◆ Exercise aim ◆
Without the pictures, repeat the listing character for character.
-------- Records shown
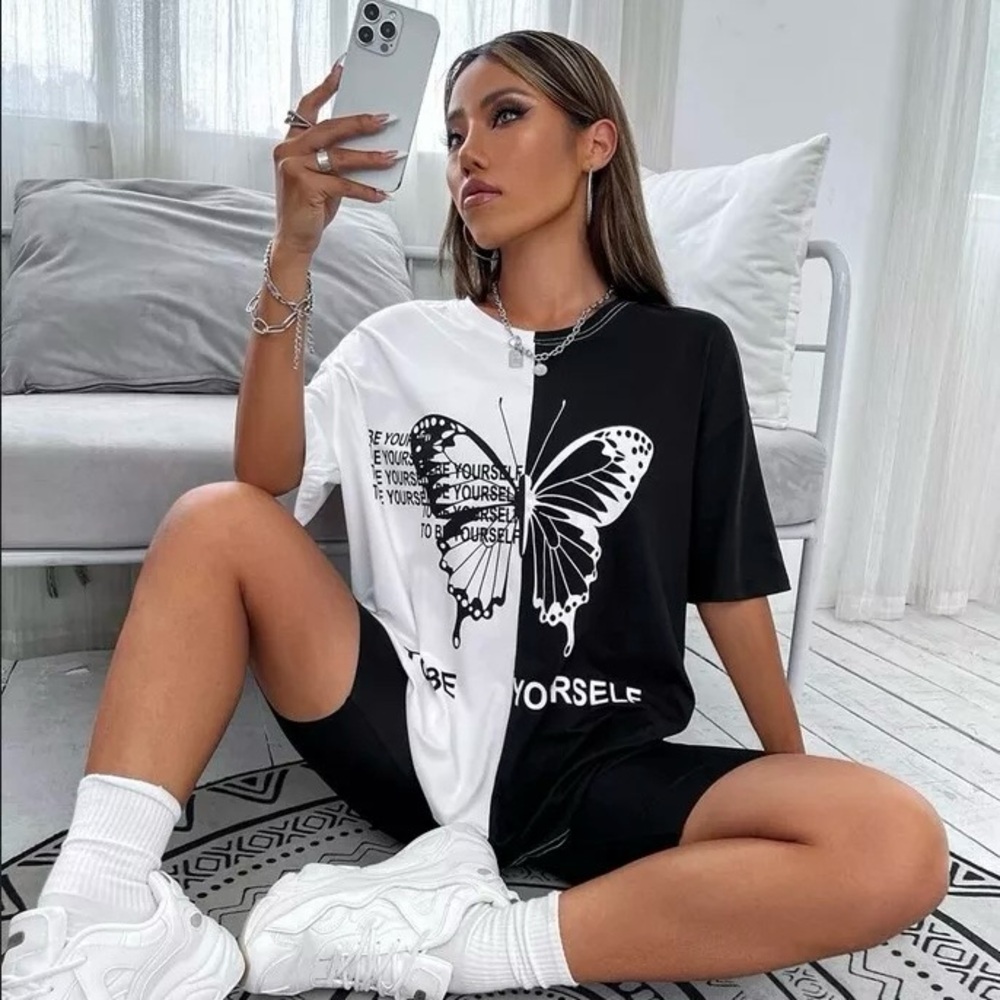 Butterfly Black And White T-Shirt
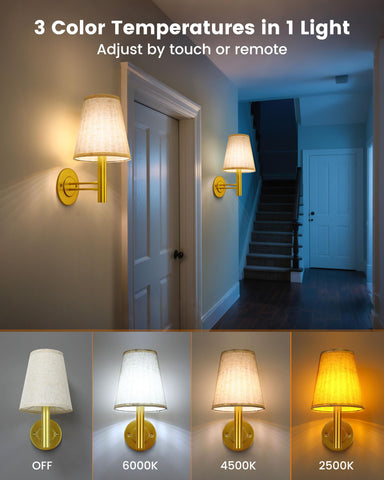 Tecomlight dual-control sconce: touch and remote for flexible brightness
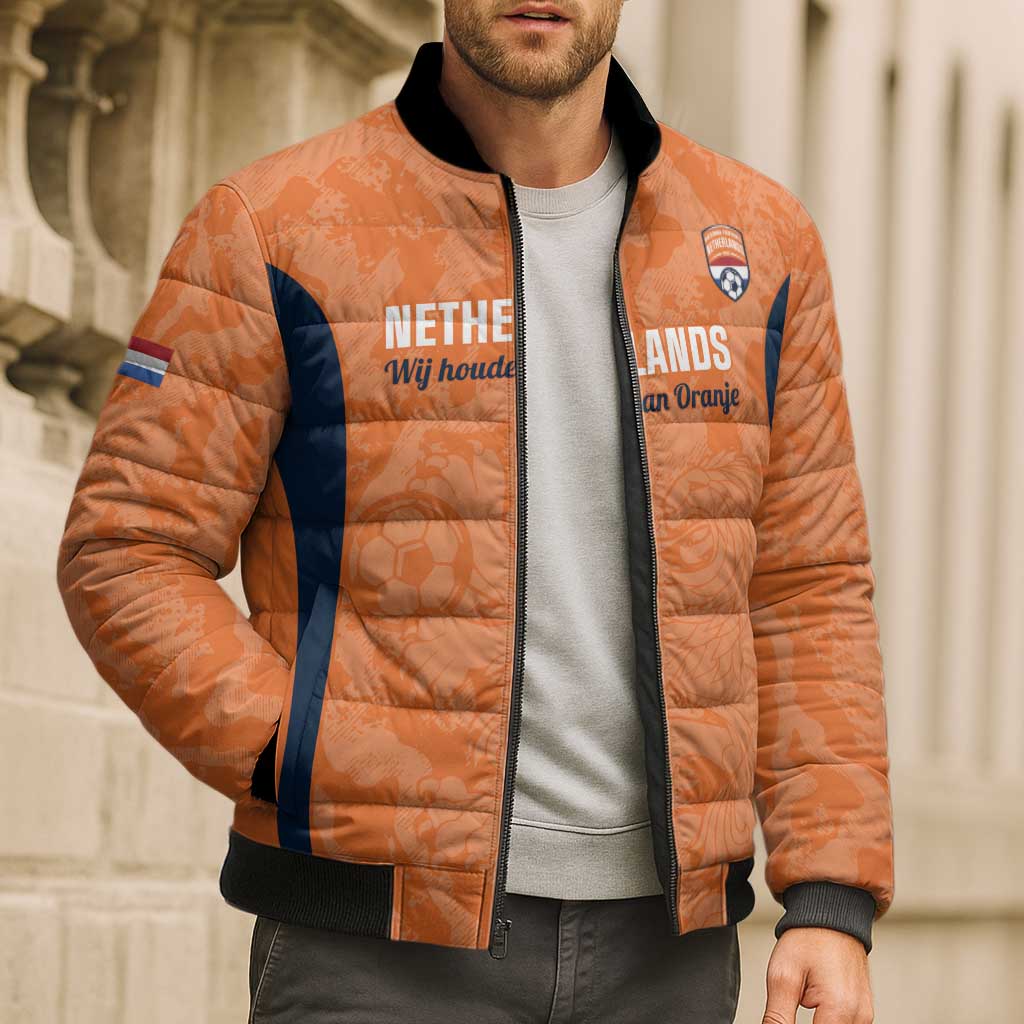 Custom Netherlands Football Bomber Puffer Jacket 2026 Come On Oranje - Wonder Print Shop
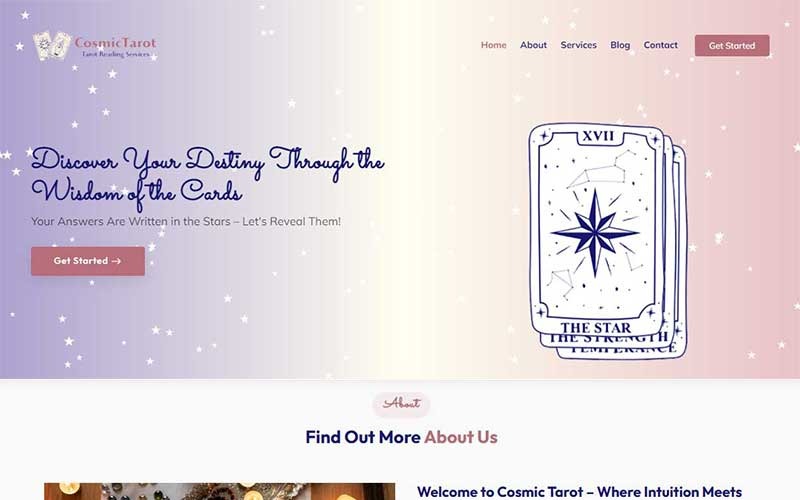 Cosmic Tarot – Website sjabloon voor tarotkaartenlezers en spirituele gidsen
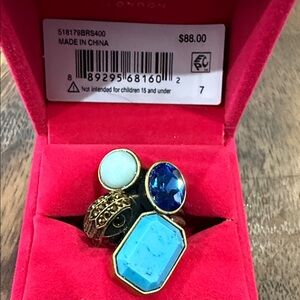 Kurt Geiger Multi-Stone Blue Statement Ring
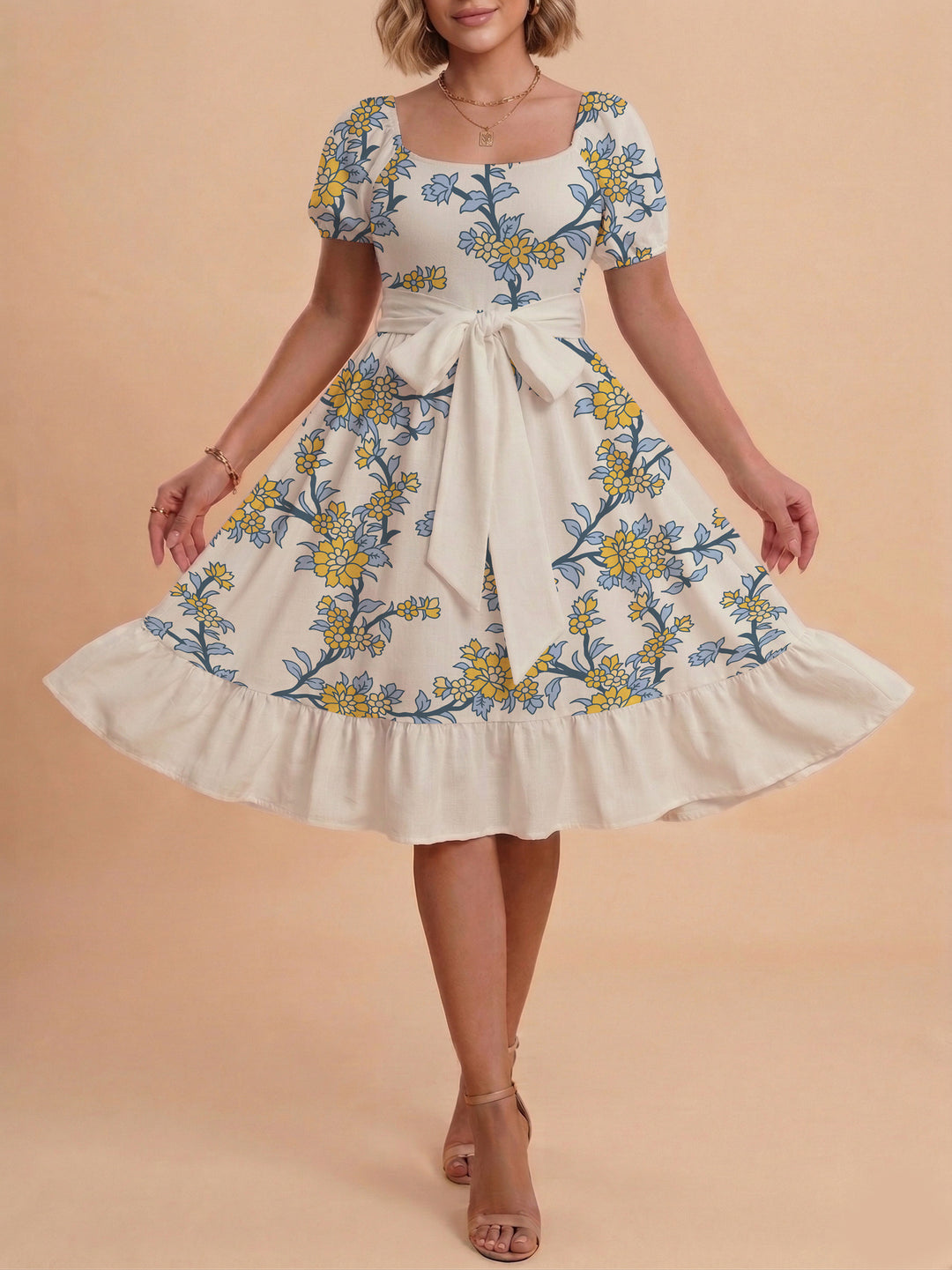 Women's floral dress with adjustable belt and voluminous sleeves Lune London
----------------
◆ Task solution ◆
 Butterfly Black And White T-Shirt
 Tecomlight dual-control sconce: touch and remote for flexible brightness
 Custom Netherlands Football Bomber Puffer Jacket 2026 Come On Oranje - Wonder Print Shop
 Cosmic Tarot – Website sjabloon voor tarotkaartenlezers en spirituele gidsen
 Kurt Geiger Multi-Stone Blue Statement Ring
 Women's floral dress with adjustable belt and voluminous sleeves Lune London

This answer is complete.